Квартиру, которую выделили молодому лейтенанту, и квартирой-то назвать было нельзя. Самая маленькая в гарнизоне: комната – девять метров. Общая с соседями кухня, по размерам немного больше комнаты. Газ привозной в баллонах. Водопровода нет. Туалет на улице.
Я всю жизнь прожила в большом городе и такого даже представить себе не могла. Нет, я не расстроилась – я была в шоке.
Ни о какой замене через три года, как, например, на Камчатке, не было и речи. В Приморье приезжали после училищ и уезжали на родину через 20–25 лет, после окончания службы. Взять и уволиться из армии в то время было практически невозможно, да и Валера не пошёл бы на этот шаг.

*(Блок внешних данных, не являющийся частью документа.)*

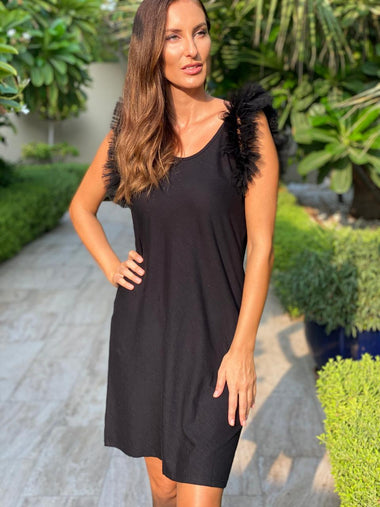 Biarritz Short Tule Dress Tie Dye Black - Dress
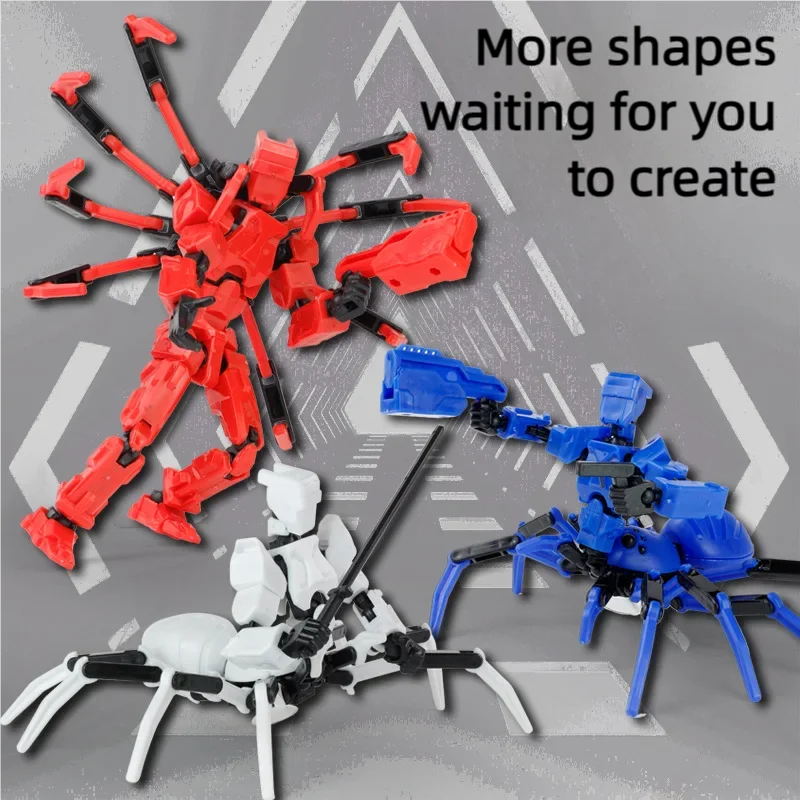 

Multiple Styling Combinations Spider Robot Model Lucky 13 Figure Kids Toys Holiday Gift Movable Action Figuras DIY Assemble Toys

Я вышла замуж за офицера и готова была разделить его выбор, но к оторванности от привычных условий оказалась не готова от слова совсем и прятала от мужа заплаканное лицо. Разве я предполагала оказаться в посёлке, затерянном среди сопок, за 9 тысяч километров от родных и близких?
Мне до сих пор нелегко вспоминать те дни. Я вижу перед собой четыре серо-жёлтых дома, растрескавшуюся от жары дорогу и столб пыли, поднятый на ней давно проехавшей машиной. Эта пыль застревает у меня в горле и скрипит на зубах.
У Валеры круглосуточные дежурства – принести в вёдрах воду и вынести помойку некому. Не знаю, как у других, а у меня дома тогда царил бедлам. Вода на кухне постоянно плескалась из ковшика на пол. Подмыть ребёнка и постирать – целая проблема. До морозов я полоскала пелёнки на улице под колонкой. О подгузниках никто тогда ещё и не слышал. Одно новшество у меня было: две пластиковые импортные бутылочки с соской. Остальные бутылочки были советскими, стеклянными и часто трескались.
В отличие от меня, многие женщины, жившие в городке, мечтали выйти замуж за военных. Некоторые до этого жили в деревне и с детства привыкли к водопроводу на улице. На кухнях у них всегда была стерильная чистота: ни пылинки, ни капельки на полу и ничего лишнего, всё убрано. И никаких проблем. Как достичь такой чистоты, оставалось для меня загадкой, да я особо к этому и не стремилась.
Жена одного майора, женщина в возрасте, узнав, что я из Ленинграда, поделилась впечатлением. Она несколько месяцев жила в общежитии, пока муж учился на курсах. Ленинград ей не понравился: там негде было сушить бельё. Я не нашлась что ей ответить.
Конечно негде! То ли дело сушить бельё на вершине сопки. Верёвок для этого за домами сколько хочешь растянуто. Утренним морозцем бельё схватится, затвердеет, потом на солнышке отбелится, а к вечеру разгулявшийся ветер подхватит его, сорвёт с верёвки и унесёт куда подальше. А ты потом ищи по всей сопке простыни, чтобы снова постирать. Романтика.
Стирка белья занимала целый день. Сейчас никто и не помнит, что стиральная машина представляла собой открытый бак, в котором крутилась вода вместе с бельём, а сверху – несложный механизм для ручного отжима. Натаскать воды в машину, нагреть кипятильником – и вот тогда уже стирать.